Data Management

There’s data, and there’s data management. 

Managing your data is about handling all the data portals your organization has to access, integrate, cleanse, govern, store and prepare for analytics. 

Without proper data management, your organization faces numbers it can’t comprehend and is at risk of making poor decisions or feeding insufficient data to automated Machine Learning algorithms that will make wrong decisions. 

Through our Data Management Services, you’ll be able to extract valuable insights from your organization’s data and use them to propel it forward in leaps and bounds. 

Managing your data
  • Data Architecture

    Setting solid foundations for your data is the key to establishing a seamless data management process. That's why it's the first and most crucial step in data management.
    According to The Open Group Architecture Framework (TOGAF), Data Architecture is an offshoot of enterprise architecture that comprises the models, policies, rules, and standards that govern the collection, storage, arrangement, integration, and use of data in organizations.
    Our data architects work with your organization to establish a proper data architecture and enhance it over-time to ensure that it's on par with your organization's goals.

    • Data Access

      You can either spend your time finding data or leverage data accessing systems to allocate different data types from various sources to use them efficiently.

      • Data Integration

        Using data integration tools, you'll be able to combine different data types and either extract, load, and transform them (ELT) or extract, transform, and load them (ETL). Depending on your data integration goals, you'll be able to design and automate the tools to help you consider different data pillars and make better decisions based on the insights you pulled.

        • Data Quality

          If you aren't confident in the authenticity and accuracy of your data, you won't use it. If you decide to use it, you might make some costly mistakes. A data quality tool comes into play here, from the moment the data is accessed until reported; this tool verifies the data in an automated way, increasing your trust in the data and solidifying your decision-making process.

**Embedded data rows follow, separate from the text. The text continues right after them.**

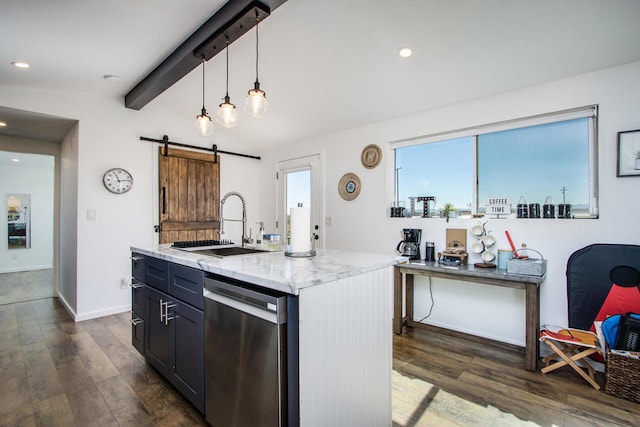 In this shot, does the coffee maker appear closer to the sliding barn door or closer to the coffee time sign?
the coffee time sign

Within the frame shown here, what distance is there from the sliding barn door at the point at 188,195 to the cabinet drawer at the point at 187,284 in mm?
2610

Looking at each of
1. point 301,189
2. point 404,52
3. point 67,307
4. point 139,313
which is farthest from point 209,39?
point 67,307

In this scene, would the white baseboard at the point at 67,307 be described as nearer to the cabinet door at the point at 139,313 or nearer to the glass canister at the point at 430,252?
the cabinet door at the point at 139,313

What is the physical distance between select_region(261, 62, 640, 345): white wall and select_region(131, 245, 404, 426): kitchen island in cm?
162

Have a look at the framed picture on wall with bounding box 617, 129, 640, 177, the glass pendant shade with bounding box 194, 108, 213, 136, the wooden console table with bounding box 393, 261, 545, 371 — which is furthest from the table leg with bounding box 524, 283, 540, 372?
the glass pendant shade with bounding box 194, 108, 213, 136

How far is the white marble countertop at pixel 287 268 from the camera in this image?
126cm

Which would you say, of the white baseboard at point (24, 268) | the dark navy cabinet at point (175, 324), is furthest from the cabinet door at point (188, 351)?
the white baseboard at point (24, 268)

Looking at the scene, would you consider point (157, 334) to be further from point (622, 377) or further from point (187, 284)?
point (622, 377)

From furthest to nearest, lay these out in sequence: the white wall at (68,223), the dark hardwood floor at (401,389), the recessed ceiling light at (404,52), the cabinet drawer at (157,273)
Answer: the white wall at (68,223) → the recessed ceiling light at (404,52) → the cabinet drawer at (157,273) → the dark hardwood floor at (401,389)

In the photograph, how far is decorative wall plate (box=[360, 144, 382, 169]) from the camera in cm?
371

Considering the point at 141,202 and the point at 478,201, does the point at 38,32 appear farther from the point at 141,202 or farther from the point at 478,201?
the point at 478,201

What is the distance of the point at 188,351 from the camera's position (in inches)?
73.7

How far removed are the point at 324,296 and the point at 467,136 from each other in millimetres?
2580

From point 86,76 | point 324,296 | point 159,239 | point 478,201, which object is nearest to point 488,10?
point 478,201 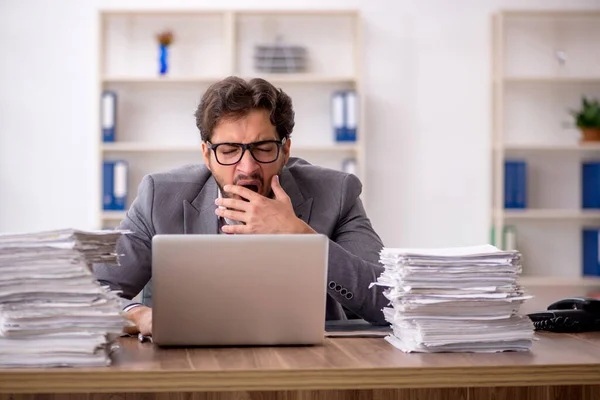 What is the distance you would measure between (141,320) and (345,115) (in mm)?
3183

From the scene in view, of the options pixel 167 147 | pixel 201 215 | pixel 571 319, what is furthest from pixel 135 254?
pixel 167 147

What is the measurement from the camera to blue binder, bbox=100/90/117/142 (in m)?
4.73

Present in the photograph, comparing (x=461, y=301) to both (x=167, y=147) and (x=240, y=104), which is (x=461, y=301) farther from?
(x=167, y=147)

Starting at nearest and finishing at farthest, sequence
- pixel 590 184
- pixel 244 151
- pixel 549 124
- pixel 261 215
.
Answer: pixel 261 215 → pixel 244 151 → pixel 590 184 → pixel 549 124

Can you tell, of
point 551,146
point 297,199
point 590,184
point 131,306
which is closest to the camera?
point 131,306

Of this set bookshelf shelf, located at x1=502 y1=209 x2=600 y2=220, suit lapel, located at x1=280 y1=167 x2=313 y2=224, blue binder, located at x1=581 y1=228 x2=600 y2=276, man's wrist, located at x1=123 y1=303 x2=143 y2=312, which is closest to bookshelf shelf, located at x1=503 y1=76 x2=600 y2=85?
bookshelf shelf, located at x1=502 y1=209 x2=600 y2=220

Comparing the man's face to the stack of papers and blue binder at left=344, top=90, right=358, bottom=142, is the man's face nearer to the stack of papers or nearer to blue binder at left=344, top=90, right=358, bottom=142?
the stack of papers

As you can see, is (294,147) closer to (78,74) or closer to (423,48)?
(423,48)

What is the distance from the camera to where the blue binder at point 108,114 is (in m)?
4.73

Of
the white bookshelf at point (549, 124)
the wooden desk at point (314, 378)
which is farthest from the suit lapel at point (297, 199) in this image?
the white bookshelf at point (549, 124)

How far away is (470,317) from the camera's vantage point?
1.52 m

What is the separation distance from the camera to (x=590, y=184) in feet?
16.4

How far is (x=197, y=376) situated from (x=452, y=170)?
392cm

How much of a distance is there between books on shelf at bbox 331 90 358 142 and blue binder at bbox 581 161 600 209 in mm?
1409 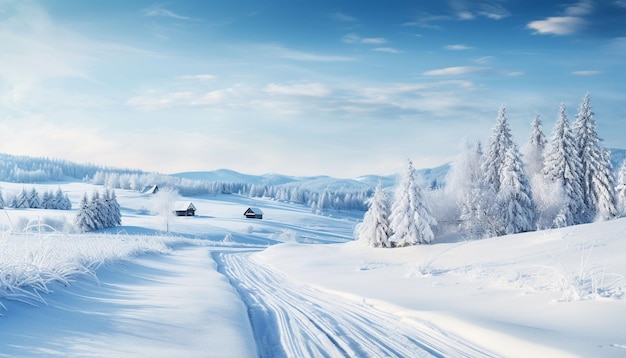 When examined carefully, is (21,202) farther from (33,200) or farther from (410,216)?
(410,216)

          • Data Governance

            Data governance starts with your organization's policy and strategy regarding managing the data. Using data governance software, you can customize a framework within which you apply regulations, like CECL or the GDPR. Data governance software also helps you track and report how your policies are handled.

            • Business Glossaries, Lineage, and Metadata

              There needs to be a correlation between your business and IT departments. And this is where lineage and metadata (data about data) come in; the glossary will define data and its owners, the lineage will trace the data from its source until the point where it resides, the metadata will help you understand the data further.
              When these three processes are aligned, you'll be able to adopt more of a proactive approach when making business decisions, as the data will give you prolific insights to help you predict and avoid any future hurdles.

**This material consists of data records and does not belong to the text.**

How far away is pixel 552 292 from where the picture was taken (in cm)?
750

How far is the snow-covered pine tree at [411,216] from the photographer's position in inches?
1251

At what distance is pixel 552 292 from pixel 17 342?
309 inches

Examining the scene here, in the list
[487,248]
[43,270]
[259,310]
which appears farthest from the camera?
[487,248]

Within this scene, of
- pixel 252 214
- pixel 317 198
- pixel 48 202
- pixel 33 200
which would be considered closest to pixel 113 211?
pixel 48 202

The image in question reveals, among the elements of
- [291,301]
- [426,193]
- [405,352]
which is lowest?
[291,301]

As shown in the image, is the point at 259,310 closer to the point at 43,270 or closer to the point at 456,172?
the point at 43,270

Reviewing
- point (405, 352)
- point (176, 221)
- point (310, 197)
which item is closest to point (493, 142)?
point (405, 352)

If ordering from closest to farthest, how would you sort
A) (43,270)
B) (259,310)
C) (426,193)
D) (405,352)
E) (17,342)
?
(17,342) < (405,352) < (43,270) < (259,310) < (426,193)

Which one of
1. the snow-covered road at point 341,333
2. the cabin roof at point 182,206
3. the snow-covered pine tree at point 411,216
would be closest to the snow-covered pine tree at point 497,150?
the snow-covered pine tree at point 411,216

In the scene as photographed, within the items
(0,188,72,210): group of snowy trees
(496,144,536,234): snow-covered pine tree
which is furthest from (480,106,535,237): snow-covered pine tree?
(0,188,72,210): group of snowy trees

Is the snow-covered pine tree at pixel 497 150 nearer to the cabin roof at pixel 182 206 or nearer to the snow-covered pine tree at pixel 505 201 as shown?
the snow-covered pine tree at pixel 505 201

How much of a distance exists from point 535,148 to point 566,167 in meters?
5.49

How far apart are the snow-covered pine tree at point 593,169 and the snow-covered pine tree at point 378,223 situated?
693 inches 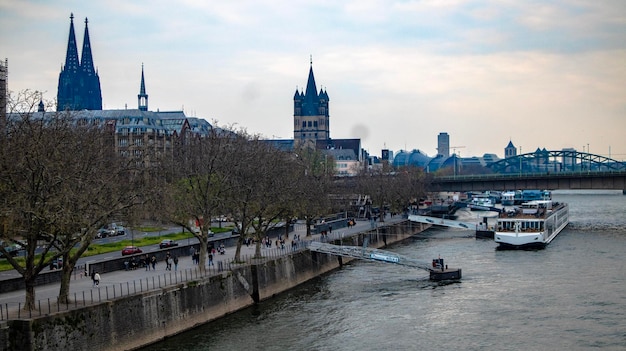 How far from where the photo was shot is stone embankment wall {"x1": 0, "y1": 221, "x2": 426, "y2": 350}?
1604 inches

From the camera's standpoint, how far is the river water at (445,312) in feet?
162

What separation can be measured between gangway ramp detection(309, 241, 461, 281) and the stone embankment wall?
15.2ft

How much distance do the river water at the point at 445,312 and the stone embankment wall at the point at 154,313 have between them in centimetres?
96

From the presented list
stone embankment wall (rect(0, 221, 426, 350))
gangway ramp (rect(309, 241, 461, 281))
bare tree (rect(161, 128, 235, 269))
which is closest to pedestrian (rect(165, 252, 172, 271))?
bare tree (rect(161, 128, 235, 269))

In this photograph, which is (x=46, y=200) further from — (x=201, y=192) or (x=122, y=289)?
(x=201, y=192)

              • Data Preparation

                The final step before analyzing the data is to prepare it for analysis.
                Data preparation tools cleanse and filter the data so that only valuable data enters the analytics phase. You can automate this process quickly, and non-tech-savvy employees can access it to tailor the preparation process depending on which data they need to analyze. This process ensures that the analytics results will provide valuable insights, through which you'll be able to make better decisions.